C'est une page sur mon mariage que je partage avec vous ce soir avec un "détail" qui n'en a pas été un pour moi : le fait
de changer de nom.
J'ai écrit un journaling longuissime qui raconte toute l'histoire de mon changement de nom - vous me connaissez, quand je
commence à écrire, j'ai beaucoup de mal à m'arrêter. Résultat : 2 pages word. Il est écrit sur un papier caché sous la photo. Je vous le recopie pour les plus curieuses (en supprimant quelques
passages personnels) :
"LE POURQUOI DU COMMENT ...
Depuis quelques années, hommes et femmes peuvent tous deux prendre le nom de leur conjoint en se mariant. Cette nouvelle loi laisse généralement place à quelques débats plus ou moins
enflammés à l’intérieur des foyers de futurs mariés …
Au sein de notre couple, le sujet du nom de famille avait débuté bien avant la demande en mariage de Damien. Et jusqu’au 10 juin 2011, soit la veille de notre union, nous n’avions toujours
pas officiellement tranché sur la question.
Damien ne voulait pas renoncer à son nom. Outre l’attachement familial qu’il représentait, il trouvait castrateur d’abandonner son nom au profit de celui de sa femme, répétant qu’il
n’assumerait pas le fait d’être un des premiers et seuls à avoir « un nom de jeune fille ».
Je comprenais son point de vue (même si je jugeais cet argument seul un peu mince & peu progressiste) & je ne voulais surtout rien lui imposer, mais je ne souhaitais pas non plus
renoncer à mon nom.
D’abord parce qu’en toute objectivité, mon nom – X – était plus beau que le sien – Y – et que, quitte à n’en choisir qu’un, mieux valait prendre le plus joli des deux.

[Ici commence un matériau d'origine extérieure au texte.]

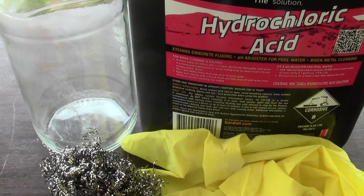In this video I will be making iron oxide from easy to get chemicals. For the first part of this video you will need steel wool, hydrochloric acid, a beaker, some gloves and some eye protection.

Outre ces considérations primaires, la question du changement de nom était plus complexe & moins anodine qu’il n’y paraissait.
Ce que je voulais avant tout, de manière rationnelle, c’était que nous ayions tous les deux le même nom de famille & que nos enfants portent ensuite le même patronyme que nous. Pas
question pour moi de jouer la féministe & de conserver mon nom si celui-ci était différent de celui de mon mari ou de mes enfants. Notre nom serait un des socles communs de notre
famille.
Ce que je souhaitais ensuite, dans un idéal romantique, c’était, qu’à l’image des deux individus élevés séparément & qui s’unissent pour former un tout, une unité, chacun de nous
abandonne son nom originel & y accole celui de l’autre pour ne former qu’un seul nom composé de nos deux noms de naissance. Nous deviendrions ainsi « X-Y » ou
« Y-X ».
Damien avait aimé ce concept, théoriquement pour le moins & à condition que son nom reste le premier des deux … histoire de phéromones … Il balayait donc illico « X-Y » qui,
entre nous, sonnait pourtant tellement mieux que « Y-X » (…). Et même « Y-X », son dernier mot en quelques sortes, représentait pour lui un renoncement qu’il n’aurait
peut-être pas été capable de suivre jusqu’au bout.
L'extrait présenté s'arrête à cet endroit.